Re: [syndication] Proper use of DOCTYPE?



> Strictly speaking, the entity has to be declared. So something of the form:

<!DOCTYPE rss [
<!ENTITY % HTMLlat1 PUBLIC
    "-//W3C//ENTITIES Latin 1 for XHTML//EN"
    "http://www.w3.org/TR/xhtml1/DTD/xhtml-lat1.ent";  %HTMLlat1; ]>

> Is legal. Here we're not referencing a DTD (a specification of the
> document schema), but the declarations of the Latin 1 entities used
> by HTML.

Ah, so this would allow someone to use the entities from HTML without using a
specific DTD for the rest of the document, correct?

So a DTD delineating the RSS elements and attributes could then stand
independently of the HTML entities?  Granted, the existing DTDs for RSS have
these entities already in them.  But who's to say this will stay that way?

> Separate issues.
> You need to set the encoding attribute on the XML declaration to
> signal to the parser the character encoding of the XML file. In the
> majority of cases the default of UTF-8 is just fine -- because you
> can still include other characters using entities or character
> references.

Are there significant issues between UTF-8 and ISO-8859-1 that might crop up?

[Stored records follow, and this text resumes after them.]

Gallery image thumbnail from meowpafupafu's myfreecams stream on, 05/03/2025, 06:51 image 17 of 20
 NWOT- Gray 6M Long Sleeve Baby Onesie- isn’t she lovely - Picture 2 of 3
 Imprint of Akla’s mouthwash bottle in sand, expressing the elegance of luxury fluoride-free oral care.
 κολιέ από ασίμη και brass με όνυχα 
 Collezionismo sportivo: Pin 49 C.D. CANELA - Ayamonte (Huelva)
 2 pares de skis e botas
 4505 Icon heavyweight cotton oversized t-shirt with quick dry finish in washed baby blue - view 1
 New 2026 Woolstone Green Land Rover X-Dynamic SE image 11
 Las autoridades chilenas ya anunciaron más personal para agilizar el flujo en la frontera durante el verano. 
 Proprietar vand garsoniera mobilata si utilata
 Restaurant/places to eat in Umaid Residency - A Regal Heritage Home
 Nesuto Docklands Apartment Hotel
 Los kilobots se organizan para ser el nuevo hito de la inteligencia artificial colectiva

> For truly global syndication aggregators should expect to receive feeds in any
> number of markup encodings.

> However, as I said for the majority of occasions when authoring in English,
UTF-
> 8 encoding is fine. So I'd personally recommend referencing the HTML entity
set
> to allow for those cases when I need additional Latin characters, but leave
the
> XML encoding alone.
>
> It doesn't really hurt to include a DOCTYPE in the way I gave above (called
> the 'internal subset'). An aggregator worried about the performance of their
> parser downloading that entity file repeatedly can use a local catalog to
> maintain a local copy (but that's a different thread...)
>
> I'm not advocating their write their own entitiy definitions, just reuse those
> already defined for HTML.

Right, I agree with you here.  Use the ones known to exist before making up
something new.

>The big benefit there is that those authors who need
> extended character support should already be familiar with those entities (but
> perhaps not the DOCTYPE).

Sure, and I'm attempting to distill this into some sort of reasonably simple
explanation for people new to dealing with syndication, let alone XML.

Thanks Leigh, this helps.

-Bill Kearney